The lessons the students learned at the conservancy were tied to their 7th grade science curriculum, including the difference between primary consumers and tertiary consumers, and information on structural, behavioral and physiological adaptations.

As an example, Shirkey explained that breeding with domestic mallard ducks is impacting the wild mallard population, resulting in offspring with smaller beaks that can’t consume marsh vegetation as easily.

“They are maladapted to survive in the wild,” Shirkey said.

Soil and Water District Environmental Educator Becky Simpson, right, teaches Miyah Uszak, left, and Alexander DeFreitas about the connection between marshes and water quality as they take water samples during a field trip to Winous Point Marsh Conservancy. Behind them is Becky’s husband, Winous Point Shooting Club Manager John Simpson. (Photo by Sheri Trusty)
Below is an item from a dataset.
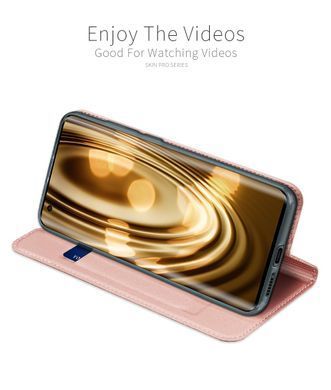 Чохол-книжка Dux Ducis для Xiaomi Mi 10 / Mi 10 Pro Синій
The students left the conservancy with a stronger understanding of marshes and the wildlife that lives in them.

“We learned how the marshes can affect water quality and how they filter the water out,” said student Miyah Uszak.

Student Kailea Bayer-Janes was surprised to discover organisms floating in the water samples.

“I didn’t know you could see the little insects in there,” she said.

After the indoor presentation, the students hiked the land looking for wildlife. As Research Technician Nate Stott guided a group in search of Wood Duck nests, an eagle soared above and a white-tailed deer sprinted past.

Student Thea Wybensinger said “exploring nature” was the best part of the field trip. Becky said students are invited to the conservancy to inspire that kind of excitement.

Kailea Bayer-Janes takes a peek at Wood Duck eggs with the help of Research Technician Nate Stott. (Photo by Sheri Trusty)

“We do this to get them to appreciate the outdoors. It’s difficult to understand the significance of these types of animals in the classroom,” Becky said. “We get them outside so, hopefully, it helps them want to preserve the marshes and understand them more.”

Rhode was grateful for the opportunity to bring his students to Winous Point Marsh Conservancy.

“It’s fantastic. We love coming out here. A lot of kids don’t know it even exists,” he said. “This allows them to explore firsthand what they’re learning in the classroom.”

What they learned most is that, if they just step outside, they’ll discover that nature is fun.

“There’s so much life bustling around that we don’t even notice,” Uszak said.